As we register those children for kindergarten, there are a few thoughts every mom has before we put our little one on the bus for that very first time.

This Place Is Too Big For My Baby
Columbia Pictures

This Place Is Too Big For My Baby

As you tour the school, you're thinking, "Are you sure this place is for kindergartners?"

My daughter's preschool felt so insular and intimate. The same teachers have been there for years, and the school felt small. When we visited her elementary school, it was welcoming and colorful also, but it felt so large! I couldn't fathom that the little child I once wore on my front and back could now exist in such a place. But still, when I look at her, that tiny child is not so tiny anymore. That little being is growing more powerful and independent by the minute. Kindergarten is a milestone, and each mom feels it: our kids are entering a brand-new independent phase. The cozy world of preschool is far behind.

Is That Going to Be My Kid's Teacher?

Is That Going to Be My Kid's Teacher?

When you meet the teachers, you wonder to yourself, "Which teacher is the mean one of the group?"

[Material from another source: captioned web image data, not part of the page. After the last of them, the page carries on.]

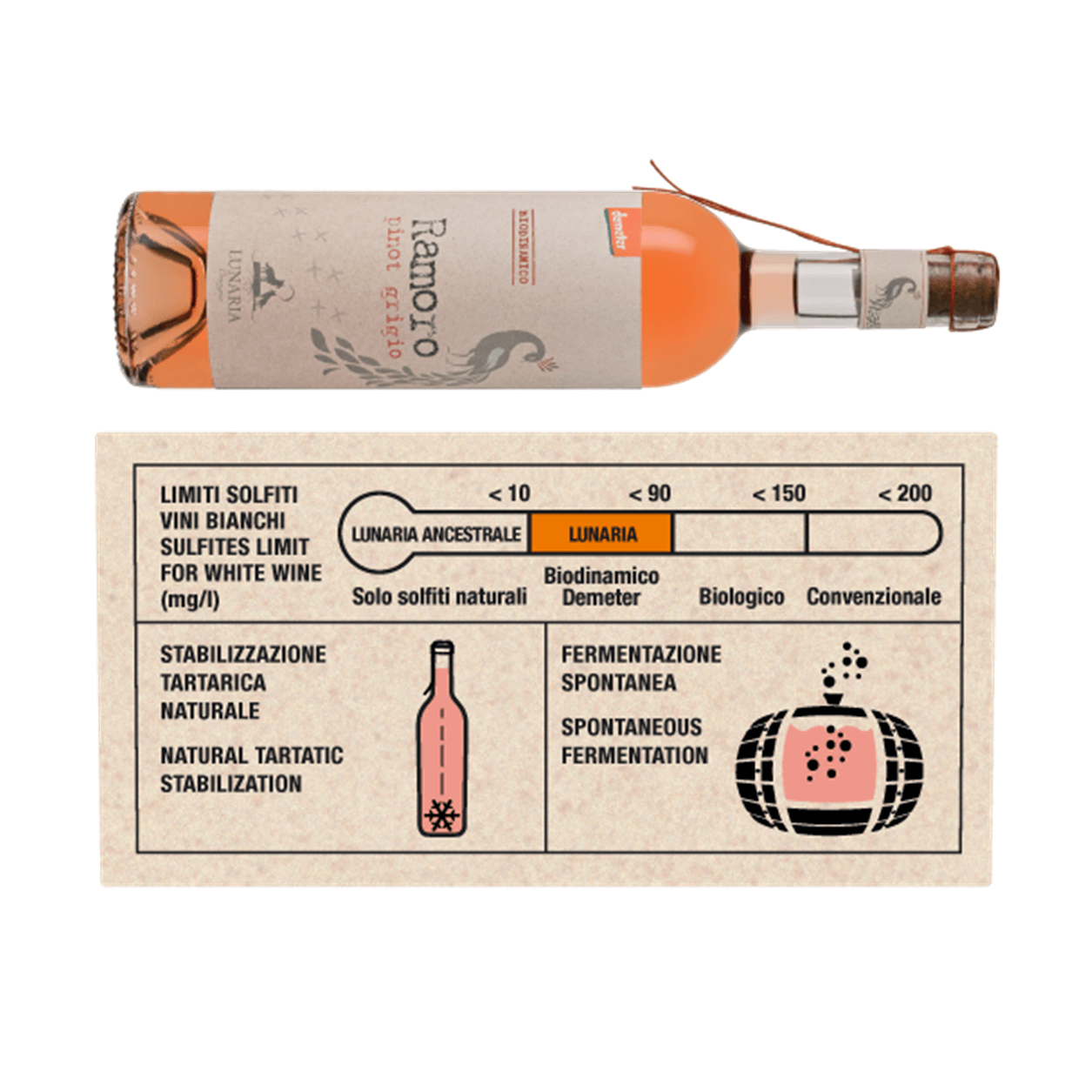 Pinot Grigio Terre d'Abruzzo Ramoro Lunaria Orsogna Bio Demeter Vegan 75cl
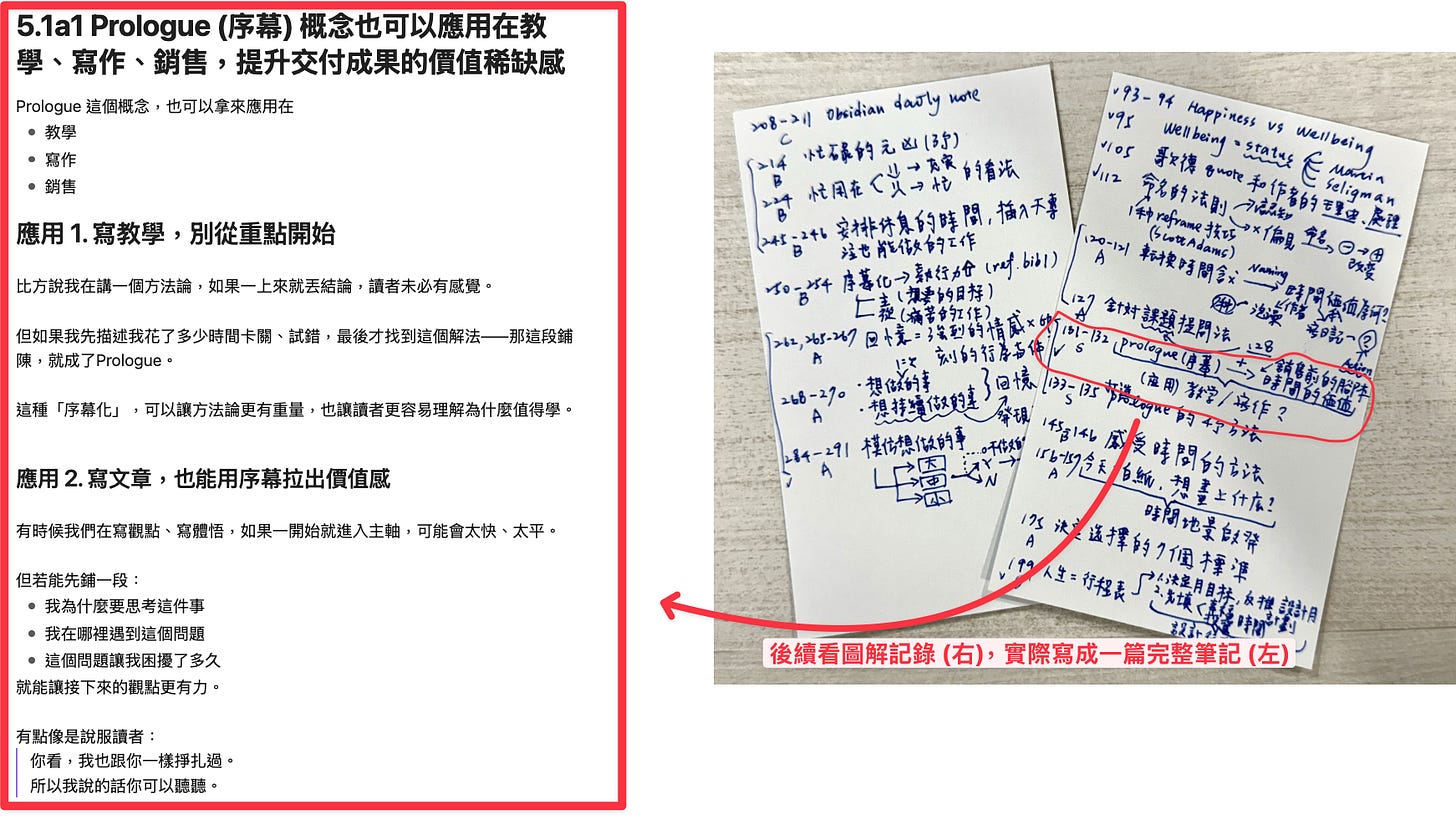 將書目卡的圖解筆記，”解壓縮” 成文字筆記內容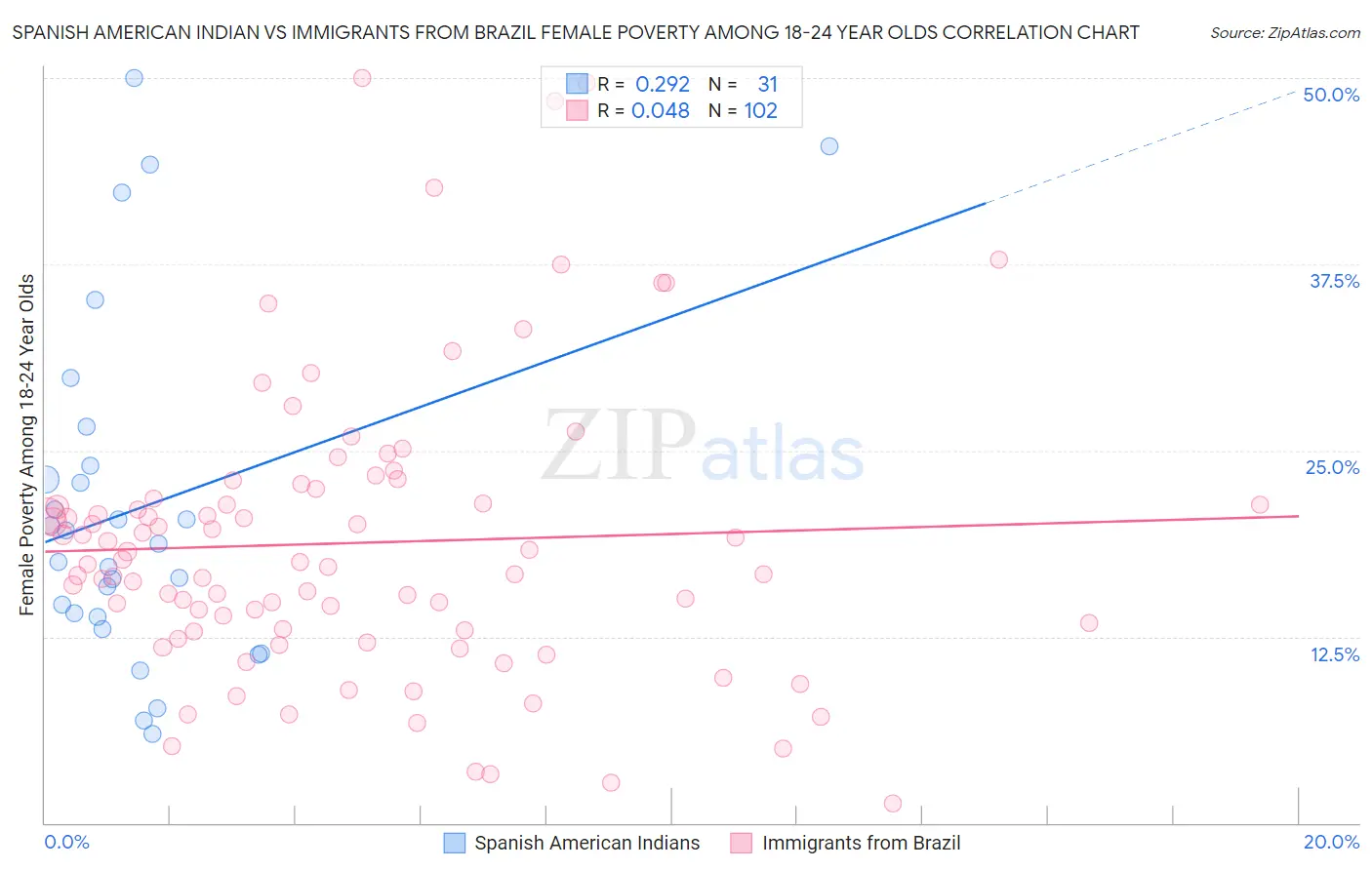 Spanish American Indian vs Immigrants from Brazil Female Poverty Among 18-24 Year Olds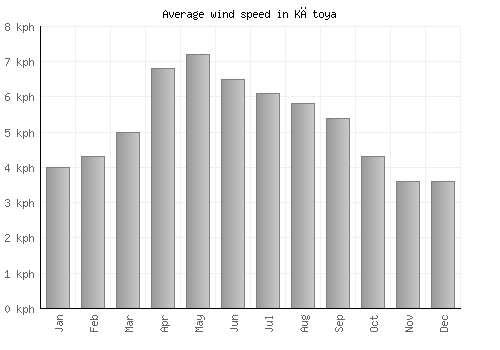 Kātoya average winspeed by month (km/h)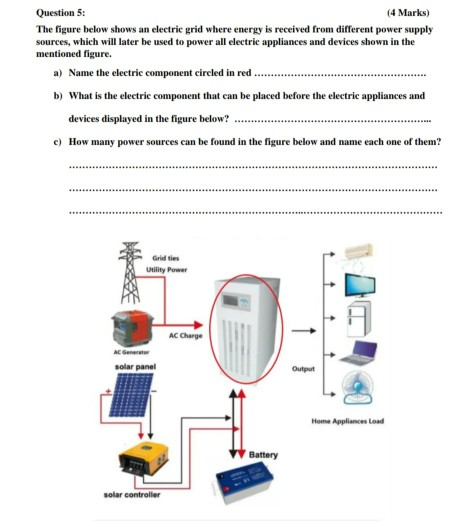Solved Question 5: (4 Marks) The figure below shows an | Chegg.com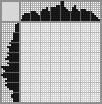 Random crossword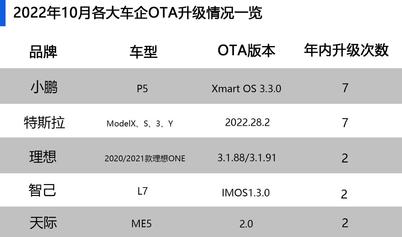 可生长的汽车丨小鹏P5上线城市NGP，特斯拉优化导航但车主想换地图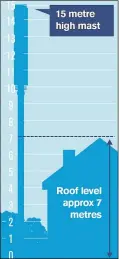  ??  ?? The mast does not require planning permission due to its scale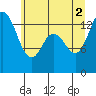 Rocky Point tide chart for Friday, July 2, 2021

As the three kindergarten teachers were introduced, I found myself inspecting each and every one. Would that be my child's teacher next year?

I acted as if I were psychic, listening and watching each teacher's every move trying to determine if she were strict, kind, fun, organized, etc. Every mom is wondering: who will be my kid's teacher, and will he or she give my kid the best kindergarten experience? As silly as it sounds — it's not like you learn rocket science in kindergarten — it's our kiddo's first introduction to "real" school, and we want our children to have a great first impression. As we all know, a first impression can last a lifetime, and the fact is, our kids have many years to be in school, and so we want them to love it.

Is This Place Safe?

Is This Place Safe?

Looking around the school you wonder, "Is this place safe?"

Even if you're a cool cucumber as a parent, the idea of stranger danger seems to rear its ugly head when you realize: My kid is going on a bus. My kid is going to be away from me and the sweet comfort of preschool.

It's not that strangers don't approach preschoolers, but more often than not, I hear a story of kids being approached at school dismissal before the buses leave and/or kids getting approached at the park again, and again . . . and sadly, again.

And it's not just "those creepy strangers" we moms worry about. We wonder how the strangers — peers and teachers — will treat our child. Will they like our kid? Will they see all the lovely things that we appreciate about our child? Will they forgive our child for all the not-so-lovely things he or she may bring to the table as a person?

This Seems Like a LOT of Work

This Seems Like a LOT of Work

If the school principal or vice principal speaks, you wonder if elementary school is really as much homework as everyone says it is . . . that much for a kindergartner? Really?

Some find themselves worried about all the homework and instruction their child is now expected to keep up with. Others worry their little ones will be bored and not challenged at all.

What will homework be like? How will my child enjoy learning? What if my child struggles to read? What if my child, a good reader, is bored or put to the wayside?

And then: What about Common Core? The nightmare stories I have heard about my friends struggling to help their kids with their homework makes me wonder if my Ivy League degree is even applicable to help my kid with an elementary school worksheet!

Moms think, "Will I be able to keep up with all the activities, schoolwork, housework, and my job or with the other kids at home?"

You're beginning to wonder if school hasn't become too much work.

Will My Child Find Their Way?

Will My Child Find Their Way?

Let's not forget the social fears. We want so much for our kids and their school experience. It's not simply about grades but about socializing.

Will my son cry every day at drop-off? Will my kid make friends? Will my child make friends easily? Will he or she be bullied? Will he or she be a bully? How can I help my shy child "bloom"?

As you're looking at all the many children your child will be attending kindergarten with, you'll find yourself wondering, "Which one of these kids will my child love? Or not love so much?"

As we left that first half of kindergarten orientation, I was overjoyed to see that my daughter zipped away from me to explore the school and then at the end was excited to come back and return to the school in the Fall. In my mind, I mentally hugged all the little ones who tearfully went off to explore the school with a teacher, leaving Mom and Dad behind. In my heart, I reminded myself how fast time has flown, and I promised myself to slow down and savor the moments with my child more.

Like I said before, babies don't keep.